* [YOUR GOAL]: Repeat each entry as written, dropping any picture you find.

* [GIVEN DATA]:
────────────────
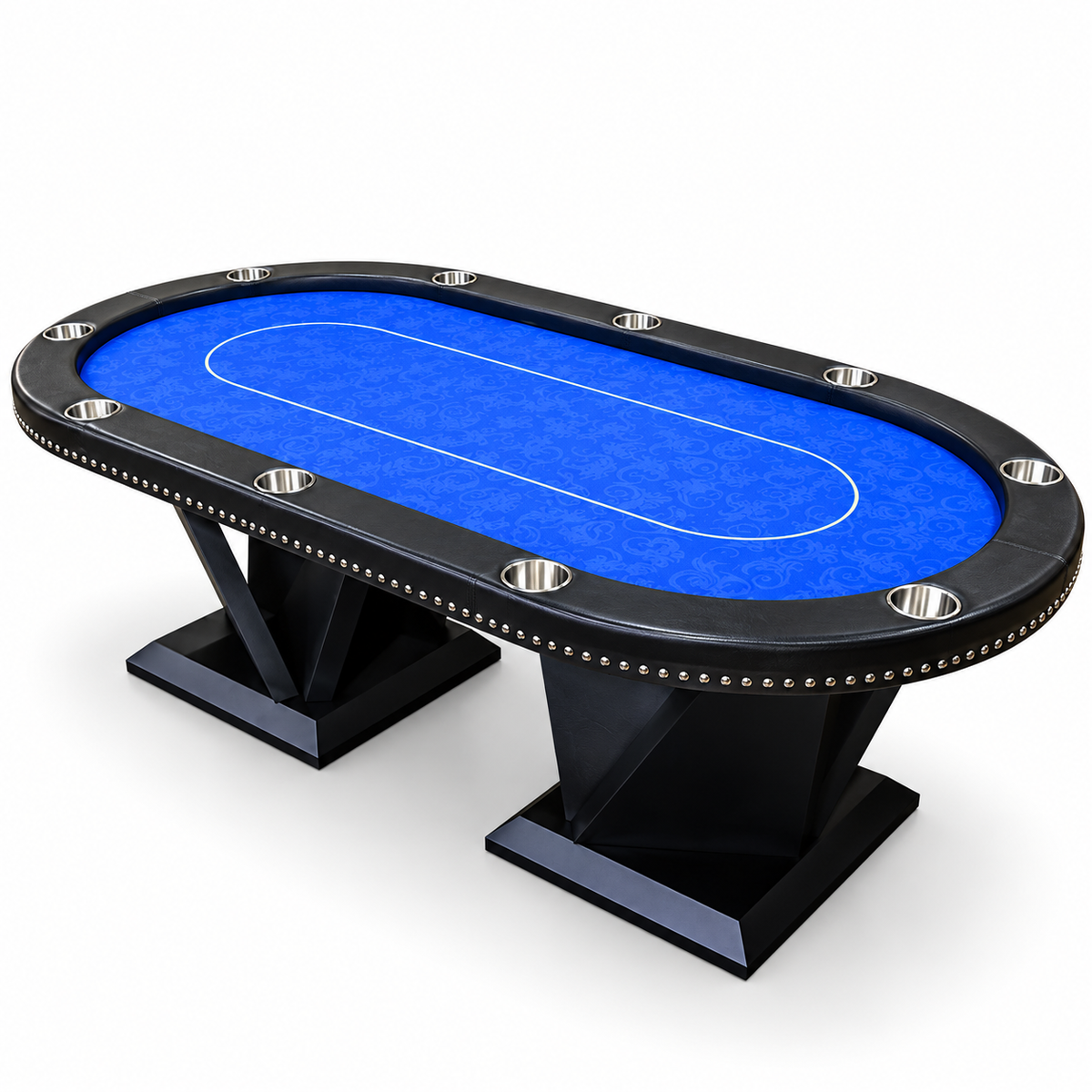 Wooden 10 Player Texas Hold Poker Table Casino Style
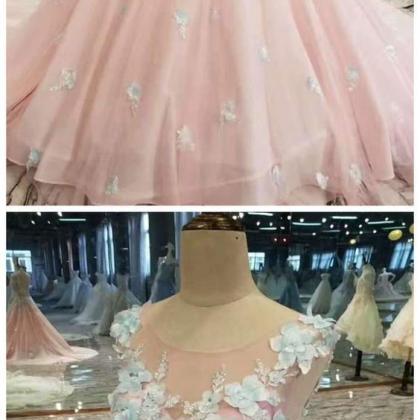 Floral Prom Dresses Pink Color With Handmade..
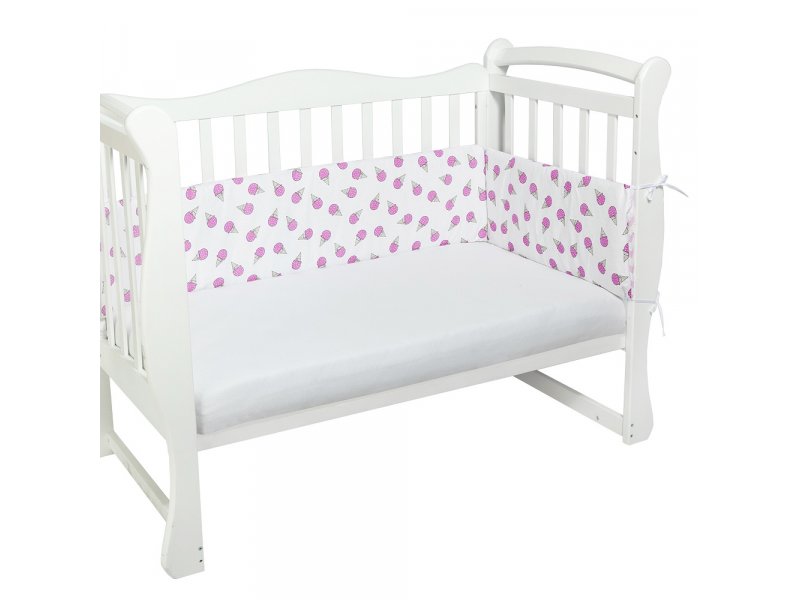 AmaroBaby Бортик AmaroBaby в кроватку двухсторонний, 4 предмета (на молнии) Мороженки/белый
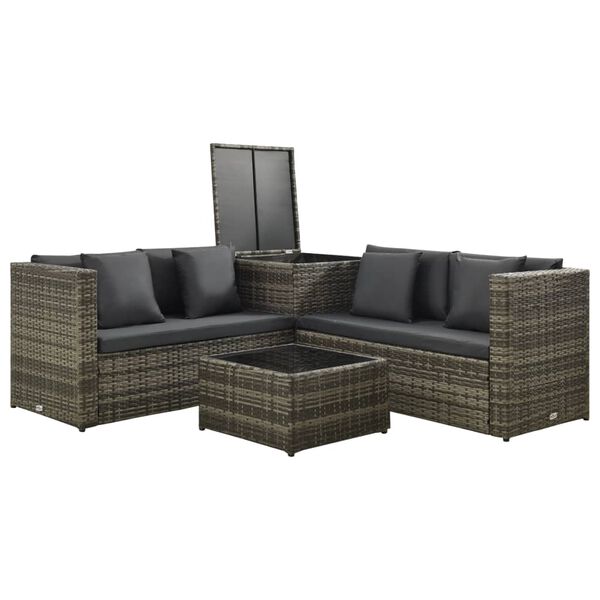 vidaXL Salon de jardin 4 pcs avec coussins r&eacute;sine tress&eacute;e gris
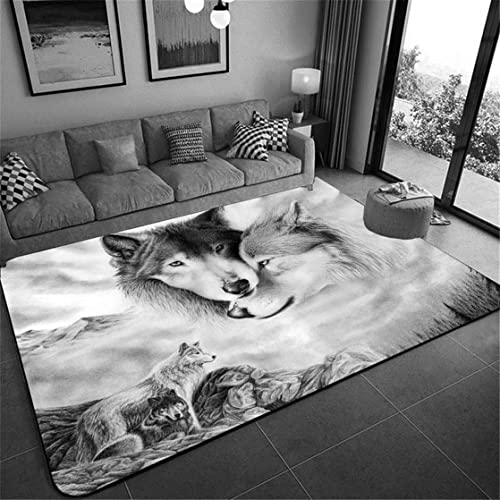 Wolf Druck Großer Teppich für Wohnzimmer Schlafzimmer Moderne Dekoration Rutschfeste Flanell Kinderzimmer Spielen Bodenmatte, Wald Schnee Nachthimmel Mond Wölfe Muster (Gris,140x200 cm)
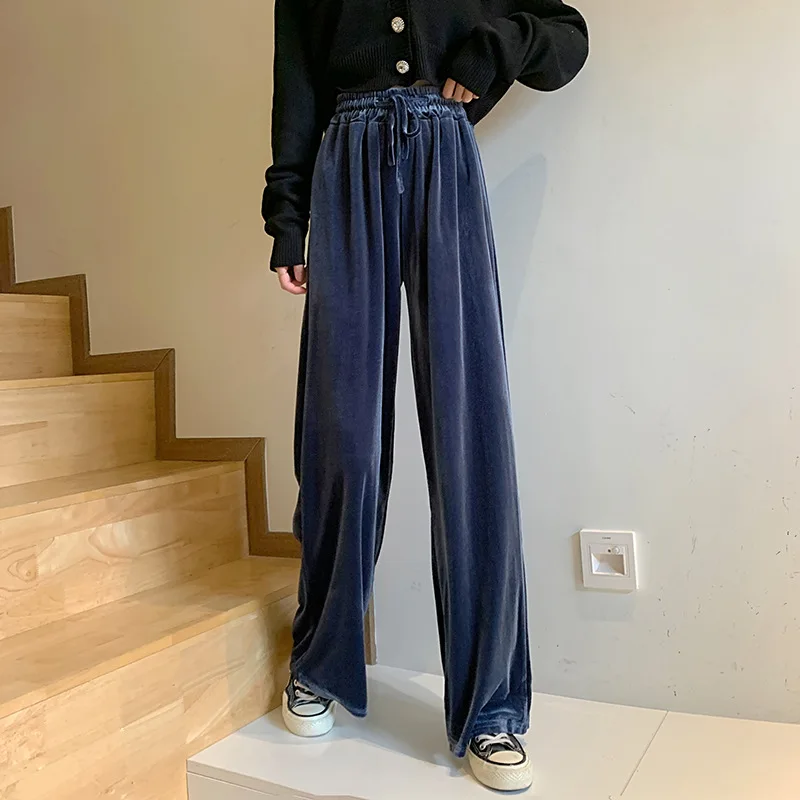 Casual Loose Straight Wide-Leg Pants Ladies Gold Velvet Solid Color Wide-Leg Pants Spring Autumn Korean Style
Casual Loose Straight Wide-Leg Pants Ladies Gold Velvet Solid Color Wide-Leg Pants Spring Autumn Korean Style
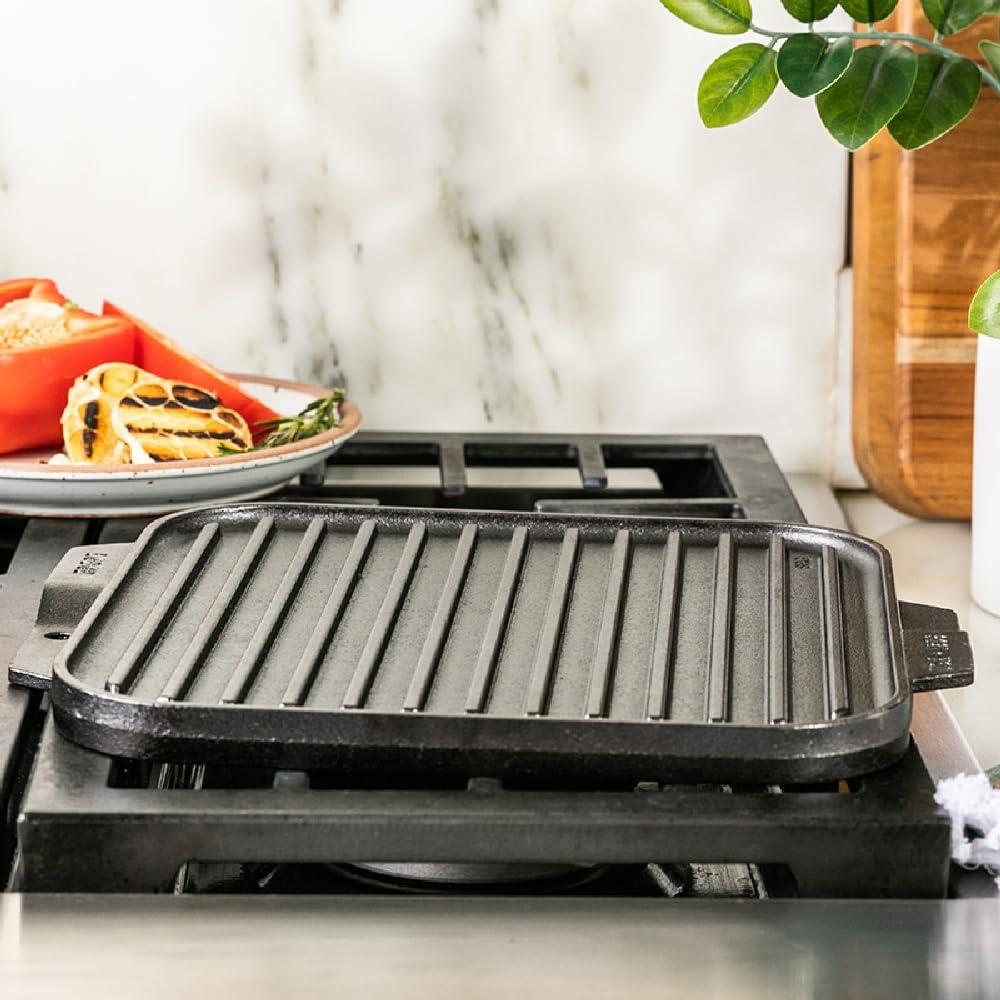 Lodge Lodge LSRG3 Cast Iron Single-Burner Reversible Grill/Griddle, 10.5-inch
────────────────
* [EXERCISE ANSWER]:
 Wooden 10 Player Texas Hold Poker Table Casino Style
 Floral Prom Dresses Pink Color With Handmade..
 AmaroBaby Бортик AmaroBaby в кроватку двухсторонний, 4 предмета (на молнии) Мороженки/белый
 vidaXL Salon de jardin 4 pcs avec coussins r&eacute;sine tress&eacute;e gris
 Wolf Druck Großer Teppich für Wohnzimmer Schlafzimmer Moderne Dekoration Rutschfeste Flanell Kinderzimmer Spielen Bodenmatte, Wald Schnee Nachthimmel Mond Wölfe Muster (Gris,140x200 cm)
 Casual Loose Straight Wide-Leg Pants Ladies Gold Velvet Solid Color Wide-Leg Pants Spring Autumn Korean Style
Casual Loose Straight Wide-Leg Pants Ladies Gold Velvet Solid Color Wide-Leg Pants Spring Autumn Korean Style
 Lodge Lodge LSRG3 Cast Iron Single-Burner Reversible Grill/Griddle, 10.5-inch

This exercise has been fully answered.